The present study aimed to determine if hypothermia augments the neuroprotection conferred by MSC administration by providing a conducive micro-environment.

METHODS

Sprague-Dawley rats were subjected to 1.5 h middle cerebral artery occlusion (MCAO) followed by 6 or 24 h of reperfusion for molecular analyses, as well as 1, 14 and 28 days for brain infarction or functional outcomes. Rats were treated with either MSC (1 × 10), LCI (cold saline, 0.6 ml/min, 5 min) or both. Brain damage was determined by Infarct volume and neurological deficits. Long-term functional outcomes were evaluated using foot-fault and Rota-rod testing. Human neural SHSY5Y cells were investigated in vitro using 2 h oxygen-glucose deprivation (OGD) followed by MSC with or without hypothermia (HT) (34 °C, 4 h). Mitochondrial transfer was assessed by confocal microscope, and cell damage was determined by cell viability, ATP, and ROS level. Protein levels of IL-1β, BAX, Bcl-2, VEGF and Miro1 were measured by Western blot following 6 h and 24 h of reperfusion and reoxygenation.

RESULTS

MSC, LCI, and LCI + MSC significantly reduced infarct volume and deficit scores. Combination therapy of LCI + MSC precipitated better long-term functional outcomes than monotherapy.

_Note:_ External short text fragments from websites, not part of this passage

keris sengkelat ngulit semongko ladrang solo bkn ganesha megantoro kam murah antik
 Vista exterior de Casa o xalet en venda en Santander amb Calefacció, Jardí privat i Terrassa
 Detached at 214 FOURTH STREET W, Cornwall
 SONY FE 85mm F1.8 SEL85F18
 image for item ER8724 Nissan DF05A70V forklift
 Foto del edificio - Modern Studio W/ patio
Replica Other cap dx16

Upregulation of Miro1 in the combination group increased mitochondrial transfer and lead to a greater increase in neuronal cell viability and ATP, as well as a decrease in ROS. Further, combination therapy significantly decreased expression of IL-1β and BAX while increasing Bcl-2 and VEGF expression.

CONCLUSION

Therapeutic hypothermia upregulated Miro1 and enhanced MSC mitochondrial transfer-mediated neuroprotection in ischemic stroke. Combination of LCI with MSC therapy may facilitate clinical translation of this approach.